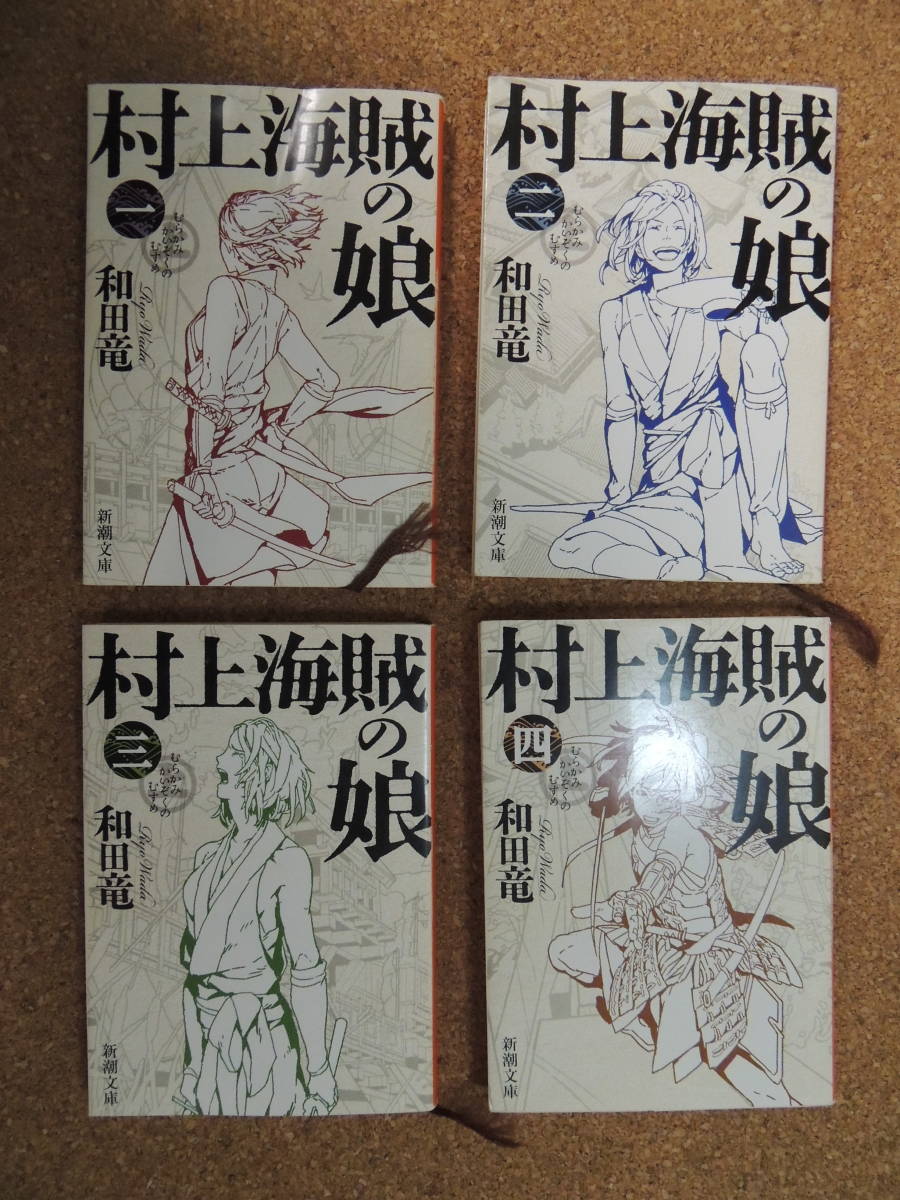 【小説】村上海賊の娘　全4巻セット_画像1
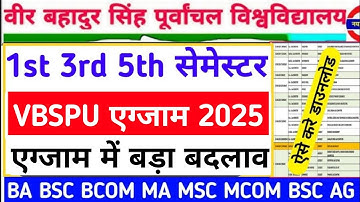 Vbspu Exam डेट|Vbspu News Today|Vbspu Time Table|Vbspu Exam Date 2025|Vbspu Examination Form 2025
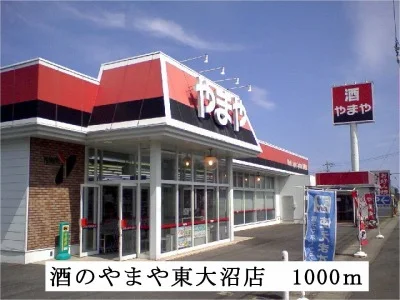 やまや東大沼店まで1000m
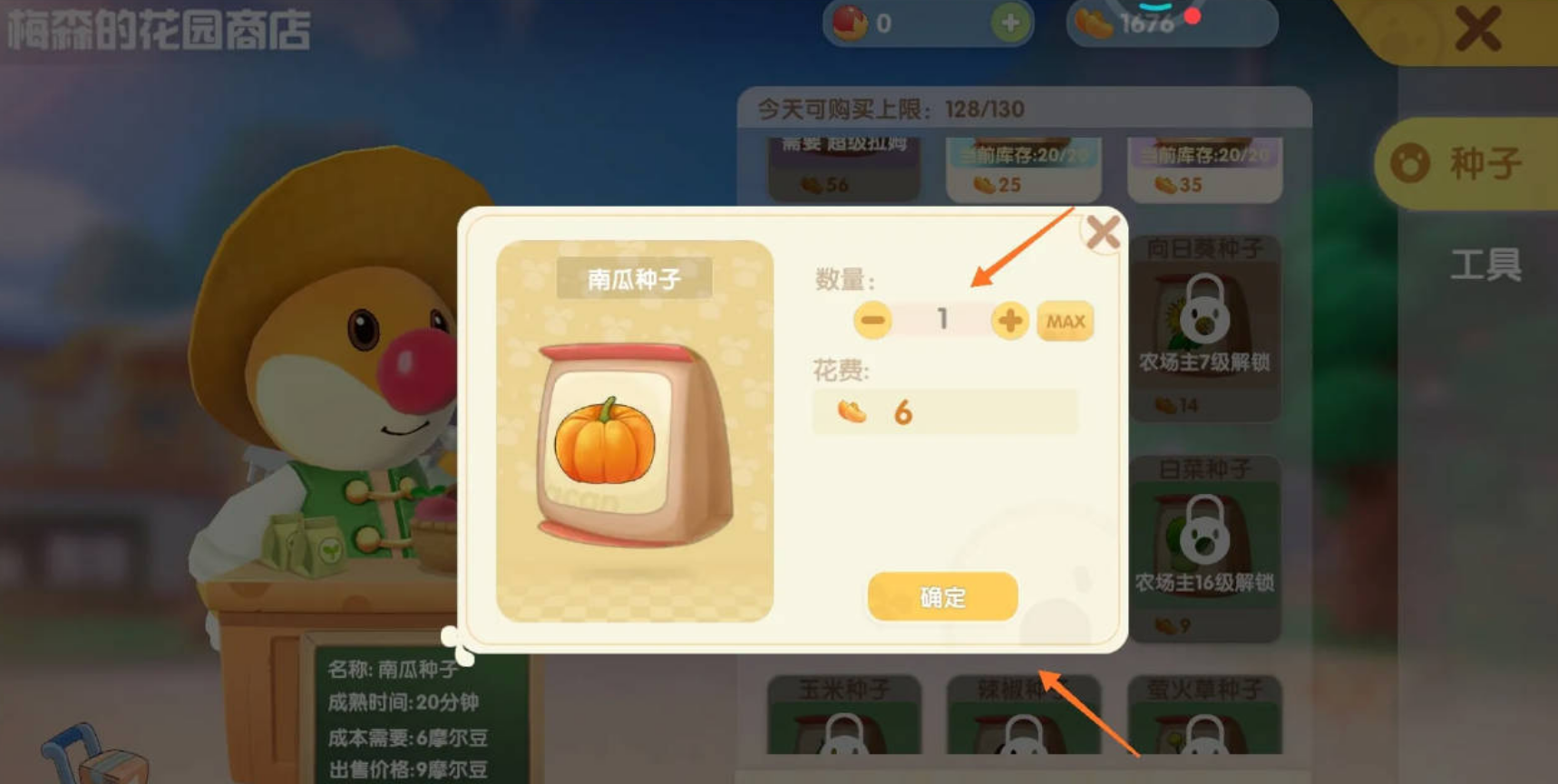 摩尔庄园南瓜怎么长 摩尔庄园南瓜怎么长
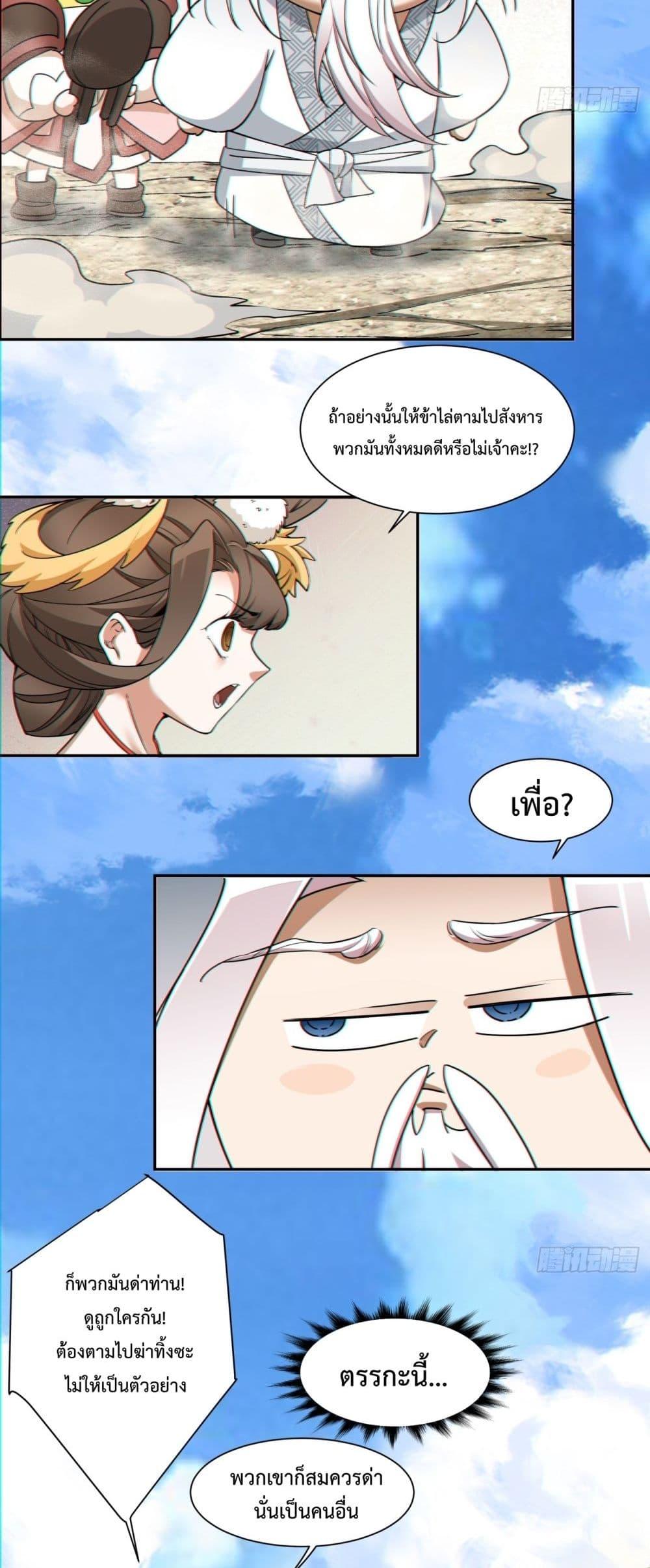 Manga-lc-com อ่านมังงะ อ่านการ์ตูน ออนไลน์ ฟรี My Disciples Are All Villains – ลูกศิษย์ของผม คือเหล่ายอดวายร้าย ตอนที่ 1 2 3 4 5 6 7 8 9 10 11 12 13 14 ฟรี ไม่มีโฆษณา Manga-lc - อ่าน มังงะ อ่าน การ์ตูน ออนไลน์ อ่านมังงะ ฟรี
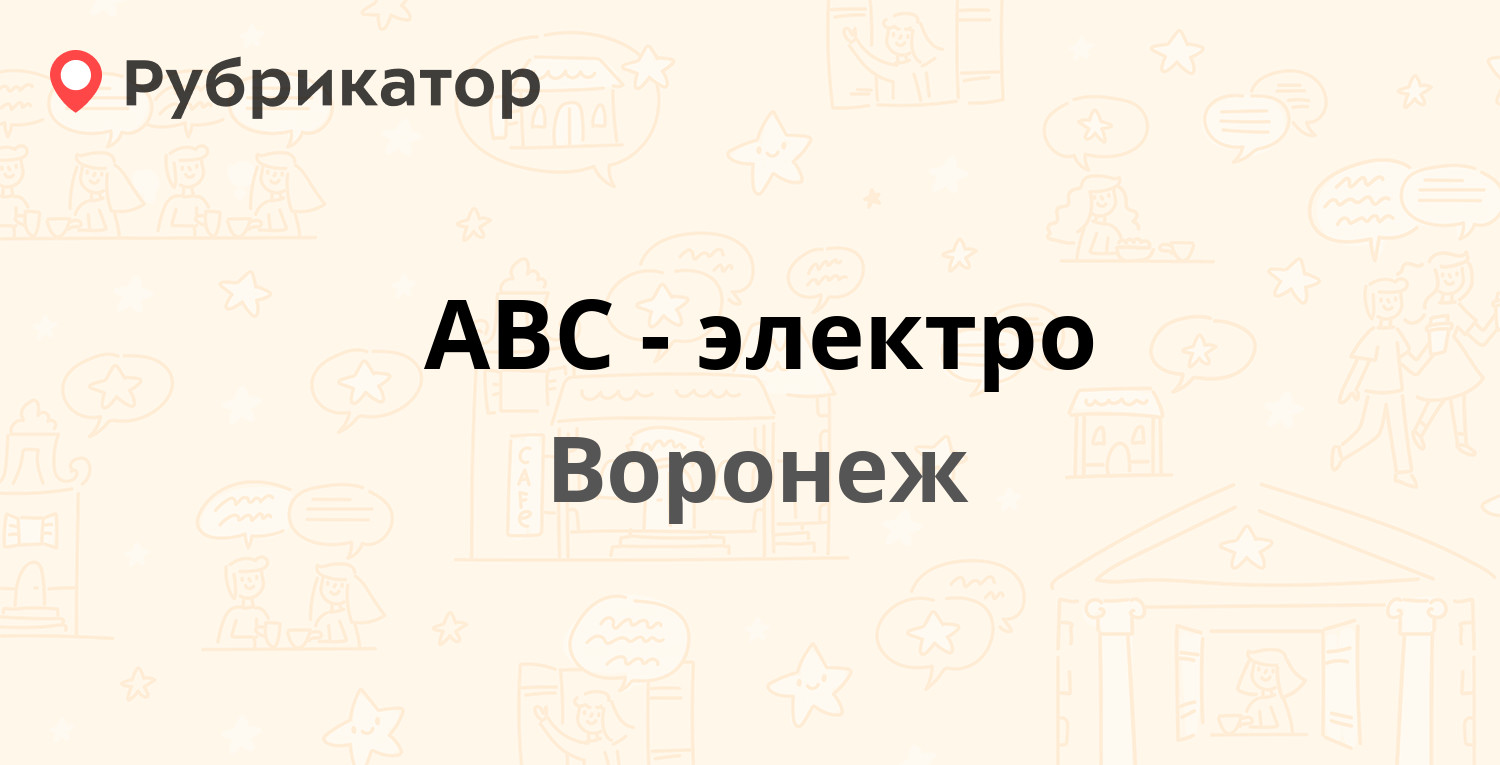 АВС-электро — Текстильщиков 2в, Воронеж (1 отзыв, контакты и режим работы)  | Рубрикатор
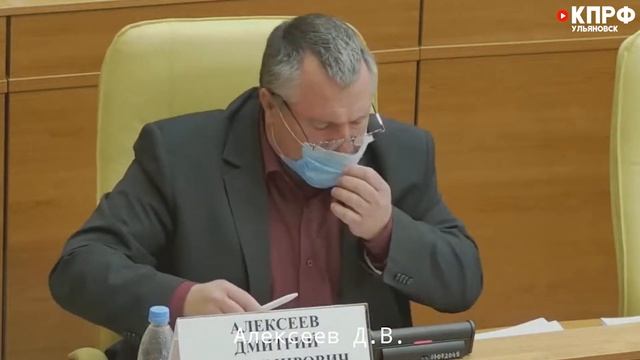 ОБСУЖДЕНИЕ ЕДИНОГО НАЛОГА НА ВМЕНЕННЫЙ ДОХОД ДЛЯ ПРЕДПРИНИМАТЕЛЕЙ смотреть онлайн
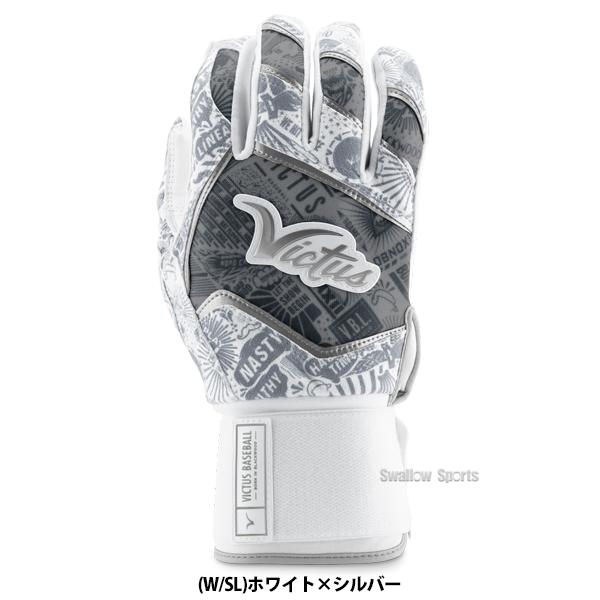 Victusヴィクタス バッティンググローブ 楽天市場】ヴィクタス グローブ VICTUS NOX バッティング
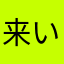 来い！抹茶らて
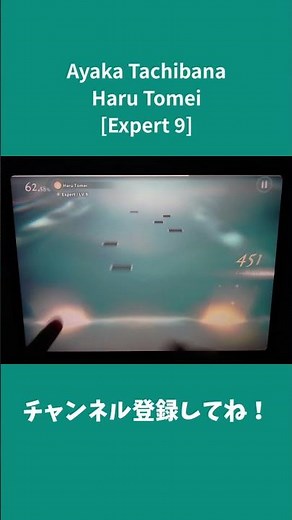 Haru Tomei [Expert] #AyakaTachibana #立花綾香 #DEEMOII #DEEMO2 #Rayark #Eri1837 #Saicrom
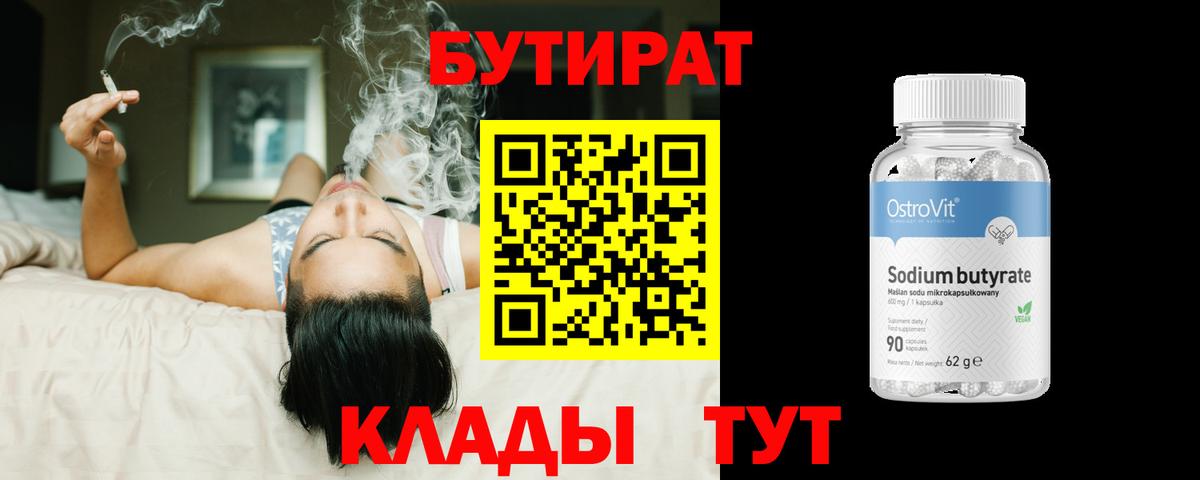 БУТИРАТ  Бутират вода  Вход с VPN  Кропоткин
§
● **THE PROBLEM**
Copy every entry exactly; drop the pictures.

● **ANSWER**
 【小説】村上海賊の娘　全4巻セット_画像1
 Vbspu Exam डेट|Vbspu News Today|Vbspu Time Table|Vbspu Exam Date 2025|Vbspu Examination Form 2025
 やまや東大沼店まで1000m
 摩尔庄园南瓜怎么长 摩尔庄园南瓜怎么长
 Manga-lc-com อ่านมังงะ อ่านการ์ตูน ออนไลน์ ฟรี My Disciples Are All Villains – ลูกศิษย์ของผม คือเหล่ายอดวายร้าย ตอนที่ 1 2 3 4 5 6 7 8 9 10 11 12 13 14 ฟรี ไม่มีโฆษณา Manga-lc - อ่าน มังงะ อ่าน การ์ตูน ออนไลน์ อ่านมังงะ ฟรี
 АВС-электро — Текстильщиков 2в, Воронеж (1 отзыв, контакты и режим работы)  | Рубрикатор
 ОБСУЖДЕНИЕ ЕДИНОГО НАЛОГА НА ВМЕНЕННЫЙ ДОХОД ДЛЯ ПРЕДПРИНИМАТЕЛЕЙ смотреть онлайн
 Victusヴィクタス バッティンググローブ 楽天市場】ヴィクタス グローブ VICTUS NOX バッティング
 来い！抹茶らて
 Haru Tomei [Expert] #AyakaTachibana #立花綾香 #DEEMOII #DEEMO2 #Rayark #Eri1837 #Saicrom
 БУТИРАТ  Бутират вода  Вход с VPN  Кропоткин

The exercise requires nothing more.